None of this should have been news to UNMIL leadership. For years, local media bosses have been telling U.N. officials in Liberia that it’s time to shut down UNMIL Radio or confine its reach to the parts of the country that are underserved by other media outlets. The message apparently has not reached the U.N. headquarters in New York. Andrei Shkourko, the head of the Liberia desk at the U.N. Department of Peacekeeping Operations in New York, seemed shocked to hear that there was any discontent. “We heard everyone loves UNMIL Radio,” he told us.
Geekie says he has arranged several meetings between local media and the top U.N. representatives here in the last two years and that no one has raised the issue, a claim that was contradicted by several local media bosses who spoke on the condition of anonymity. On at least one visit to the country in 2012, the U.N. Peacebuilding Commission, which advises the Security Council on operations in post-conflict countries, met with representatives of UNMIL Radio and the nonprofit IREX, which headed USAID’s $5 million media development program, as well as with officials from Liberia’s Ministry of Information. The commission did not meet with any local media representatives during the trip.

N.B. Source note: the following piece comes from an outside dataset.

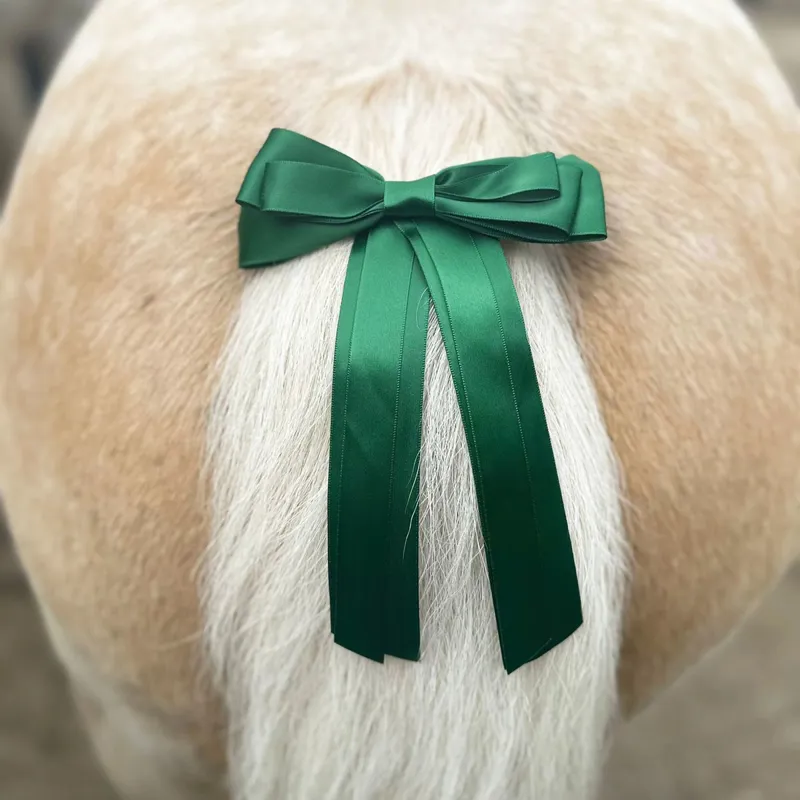 Equetech Horse Warning Competition Tail Ribbon - Green-1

In December, the U.N. Security Council will decide whether to completely withdraw UNMIL (along with its peacekeepers), alter it, or establish a new mission. The future of UNMIL Radio will be decided then, too. We hope the members of the Security Council will take into consideration the damage caused by UNMIL Radio and develop a smarter strategy that supports, rather than tramples, independent media in Liberia.
Image credit: ISSOUF SANOGO/AFP/Getty Images
Correction, Aug. 12, 2016: UNMIL does not cover transportation costs for journalists who cover its press conferences, as an earlier version of this article incorrectly stated and characterized UNMIL spokesman Russell Geekie as having said. It provides physical transport to the press conferences.
Prue Clarke is the co-founder and president of New Narratives, an organization supporting independent African media and is the director of the CUNY Graduate School of Journalism’s international reporting program.